For $n$ flips with $k$ heads, the likelihood is:

$P(D|p) = \binom{n}{k} p^k (1-p)^{n-k}$

Posterior Distribution

The posterior is also a Beta distribution (conjugate prior):

$p|D \sim \text{Beta}(\alpha + k, \beta + n - k)$

Implementation in Python

import numpy as np
import matplotlib.pyplot as plt
from scipy import stats

def bayesian_coin_inference(flips, alpha_prior=1, beta_prior=1):
    """
    Bayesian inference for coin bias.
    
    Args:
        flips: list of 0s and 1s (0=tails, 1=heads)
        alpha_prior: prior Beta parameter
        beta_prior: prior Beta parameter
    
    Returns:
        posterior Beta distribution parameters
    """
    heads = sum(flips)
    tails = len(flips) - heads
    
    # Update parameters
    alpha_post = alpha_prior + heads
    beta_post = beta_prior + tails
    
    return alpha_post, beta_post

# Example usage
observed_flips = [1, 0, 1, 1, 0, 1, 1, 1, 0, 1]  # 7 heads, 3 tails
alpha_post, beta_post = bayesian_coin_inference(observed_flips)

# Plot results
x = np.linspace(0, 1, 1000)
prior = stats.beta(1, 1)
posterior = stats.beta(alpha_post, beta_post)

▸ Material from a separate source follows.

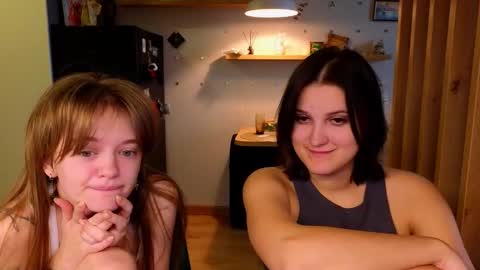 Snapshot of sav_anna chatting on September 18, 1:48 pm LUNA and ANNA online show from September 18, 1:48 pm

plt.figure(figsize=(10, 6))
plt.plot(x, prior.pdf(x), label='Prior', linestyle='--')
plt.plot(x, posterior.pdf(x), label='Posterior', linewidth=2)
plt.axvline(0.5, color='red', linestyle=':', label='Fair coin')
plt.xlabel('Probability of Heads')
plt.ylabel('Density')
plt.legend()
plt.title('Bayesian Coin Inference')
plt.show()

Credible Intervals

Unlike confidence intervals, Bayesian credible intervals have an intuitive interpretation:

$P(a < \theta < b | D) = 0.95$

This means there's a 95% probability that $\theta$ lies between $a$ and $b$ given our data.

def credible_interval(alpha, beta, confidence=0.95):
    """Calculate Bayesian credible interval."""
    lower = (1 - confidence) / 2
    upper = 1 - lower
    
    rv = stats.beta(alpha, beta)
    return rv.ppf(lower), rv.ppf(upper)

# 95% credible interval for our coin
lower, upper = credible_interval(alpha_post, beta_post)
print(f"95% credible interval: [{lower:.3f}, {upper:.3f}]")

Advantages of Bayesian Approach

Intuitive interpretation: Probabilities represent degrees of belief
Incorporates prior knowledge: Can include expert opinion or historical data
Handles uncertainty naturally: Full probability distributions, not just point estimates
Sequential updating: Easy to incorporate new data as it arrives

Challenges

Computational complexity: Often requires numerical methods (MCMC)
Prior sensitivity: Results can depend on prior choice
Philosophical differences: Different interpretation of probability

Conclusion

Bayesian statistics provides a powerful framework for reasoning under uncertainty. While it requires a shift in thinking from frequentist methods, it offers intuitive interpretations and natural ways to incorporate prior knowledge.

In future posts, we'll explore more advanced topics like hierarchical Bayesian models and Markov Chain Monte Carlo methods.